Process termination three seconds after thread termination dumps core

Added by mame (Yusuke Endoh) over 1 year ago. Updated over 1 year ago.

The following code occasionally dumps core.

sleep 2.99
$ ruby test.rb
[BUG] Segmentation fault at 0x0000000000000440
ruby 3.0.1p64 (2021-04-05 revision 0fb782ee38) [x86_64-linux]


An internal batch script in our company aborts randomly due to this issue.

@ko1 (Koichi Sasada) and I investigated the issue. When a Ruby Thread terminates, its internal pthread is reused by another Ruby Thread if a new Ruby Thread is created within three minutes. If it is not reused, the pthread frees sigaltstack memory (by using xfree) and terminates. However, if the Ruby process starts terminating while the pthread is waiting for three minutes, Ruby VM and GC is destructed. After that, xfree is no longer available, which leads to the segfault.

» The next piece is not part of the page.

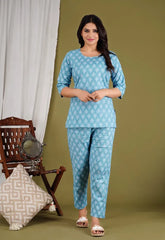 Trendy Stylish Floral Print co-ord set for girls and women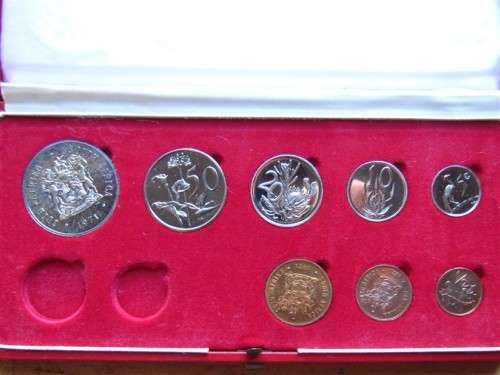 **CRAZY R1 START**1971 PROOF SET**COMPLETE SHORT SET IN LONG BOX**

A simple solution is to use malloc/free instead of Ruby's xmalloc/xfree, but it would be better to trigger GC when memory allocation fails.

diff --git a/signal.c b/signal.c
index 764031e78a..f0ed7f90d4 100644
--- a/signal.c
+++ b/signal.c
@@ -560,7 +560,9 @@ rb_allocate_sigaltstack(void)
     if (!rb_sigaltstack_size_value) {
        rb_sigaltstack_size_value = rb_sigaltstack_size();
-    return xmalloc(rb_sigaltstack_size_value);
+    void *altstack = malloc(rb_sigaltstack_size_value);
+    if (!altstack) rb_memerror();
+    return altstack;

 /* alternate stack for SIGSEGV */
diff --git a/vm_core.h b/vm_core.h
index 5db3080b43..2962356212 100644
--- a/vm_core.h
+++ b/vm_core.h
@@ -136,7 +136,7 @@
 void *rb_allocate_sigaltstack(void);
 void *rb_register_sigaltstack(void *);
 #  define RB_ALTSTACK_INIT(var, altstack) var = rb_register_sigaltstack(altstack)
-#  define RB_ALTSTACK_FREE(var) xfree(var)
+#  define RB_ALTSTACK_FREE(var) free(var)
 #  define RB_ALTSTACK(var)  var
 #else /* noop */
 #  define RB_ALTSTACK_INIT(var, altstack)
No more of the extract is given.